Task requirements:
Please give back the listing exactly as it reads.

***** Data below

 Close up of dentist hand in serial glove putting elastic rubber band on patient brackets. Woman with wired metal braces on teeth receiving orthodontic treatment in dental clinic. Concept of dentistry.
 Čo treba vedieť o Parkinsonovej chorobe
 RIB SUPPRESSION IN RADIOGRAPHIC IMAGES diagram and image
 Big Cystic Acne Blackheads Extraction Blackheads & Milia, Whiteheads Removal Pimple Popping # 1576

**********

Exercise result:
 Close up of dentist hand in serial glove putting elastic rubber band on patient brackets. Woman with wired metal braces on teeth receiving orthodontic treatment in dental clinic. Concept of dentistry.
 Čo treba vedieť o Parkinsonovej chorobe
 RIB SUPPRESSION IN RADIOGRAPHIC IMAGES diagram and image
 Big Cystic Acne Blackheads Extraction Blackheads & Milia, Whiteheads Removal Pimple Popping # 1576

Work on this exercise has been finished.